Насколько помню, я сказал примерно так: «Господи, вот мы перед Тобой, и нам поручено заботиться о десяти тысячах студентов университета Южной Каролины, которых ждет ад. Ты знаешь, что мне все равно, попадут они в ад — если он, конечно, существует — или нет. И мне наплевать, попаду ли я туда сам».

Тот, кто никогда не учился в Библейском колледже, не поймет, как подействовали мои слова на соучеников. Я мог бы с тем же успехом раскинуть карты Таро или принести в жертву младенца. Однако никто из студентов не попытался прервать меня, и я продолжал молитву.
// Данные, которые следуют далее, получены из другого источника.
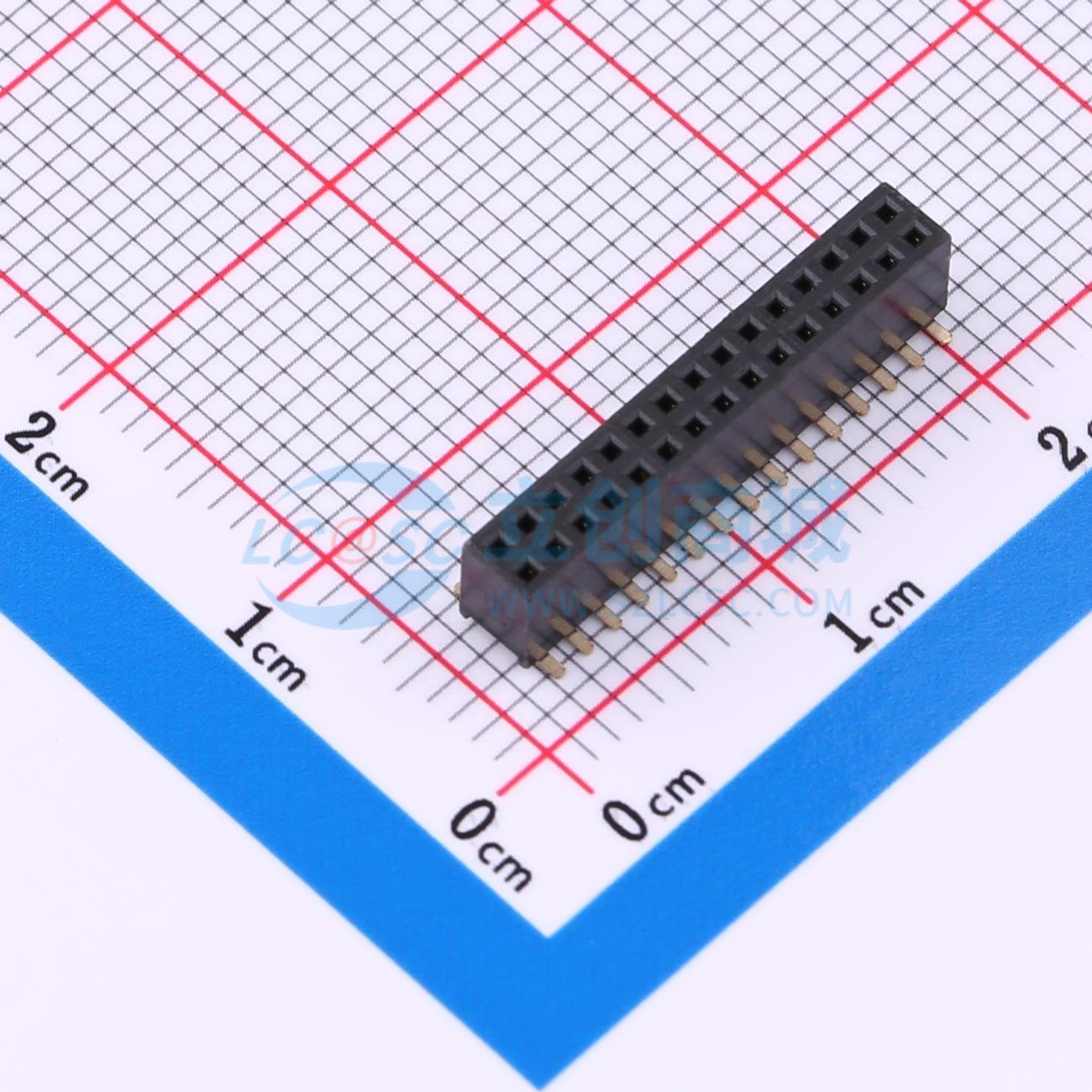 点击查看大图 BX-PM1.27-2-15PU-W实物图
Почему–то я заговорил о добром самарянине. Мы, семинаристы из Библейского колледжа, должны были печься об университетских студентах, словно самарянин о еврее, лежавшем на обочине в луже крови. Но я не испытывал к ним подобной любви. Я вообще к ним ничего не испытывал. Так я и сказал.
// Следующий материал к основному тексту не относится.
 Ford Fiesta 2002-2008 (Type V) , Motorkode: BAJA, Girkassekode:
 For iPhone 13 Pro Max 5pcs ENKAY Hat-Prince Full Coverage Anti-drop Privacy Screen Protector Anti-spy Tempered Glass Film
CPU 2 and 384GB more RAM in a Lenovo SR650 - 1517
И тут ЭТО случилось. Во время молитвы, как раз когда я расписывал, как мало меня волнуют люди, которым я должен сочувствовать, я увидел происходящее в ином свете. В тот самый миг, когда я говорил, мои слова обратились в видение. Я увидел самарянина в старинном костюме — в платье и тюрбане. Он склоняется над грязной, окровавленной, скорченной фигурой на земле. И внезапно оба персонажа представшей мне сцены преобразились: у доброго самарянина оказалось лицо Иисуса, а в еврее — несчастной жертве разбойников — я с ужасом узнал самого себя.
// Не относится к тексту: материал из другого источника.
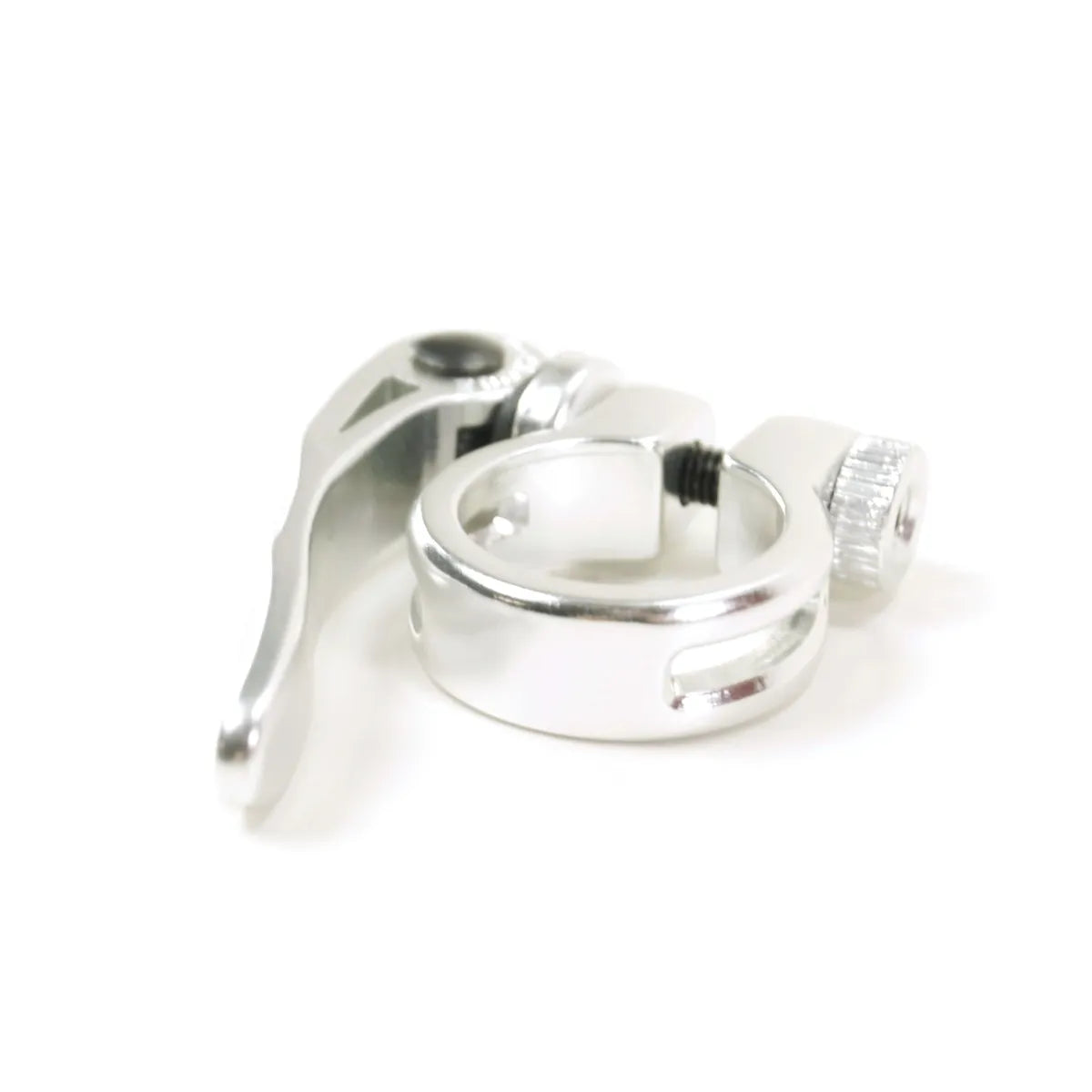 Marwi SC-70QR Quick Release BMX Race/MTB/Downhill Seat Clamp - Silver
Словно при яркой вспышке я видел, как Иисус наклоняется и влажной тряпкой обтирает мои раны, смывает с них кровь. И вот, когда Он склонился надо мной, я увидел, как я — несчастный, израненный разбойниками — поднимаю веки, раскрываю губы и словно в замедленной съемке плюю Ему в лицо. Я видел это совершенно отчетливо, хотя не верил ни в какие видения, ни в достоверность Библии, ни даже в Иисуса Христа. Это потрясло меня. Я оборвал молитву, встал и вышел из комнаты.

В тот вечер я попытался обдумать произошедшее. То было не совсем видение — скорее галлюцинация, оживившая притчу и придавшая ей неожиданный этический поворот. И все же я не мог просто отмахнуться от случившегося. Что значило это видение? Было ли оно подлинным? Я не знал. Но самоуверенность моя поколебалась. Прежде я искал убежища в агностицизме, но теперь я его лишился. Я увидел самого себя в новом свете. Быть может, при всей своей заносчивости и насмешливом скептицизме я более других нуждался в помощи?

В ту ночь я написал своей невесте короткую записку. Со всей осторожностью я сообщал: «Мне кажется, сегодня я впервые получил подлинный религиозный опыт. Мне нужно подождать несколько дней, прежде чем я буду готов это обсудить».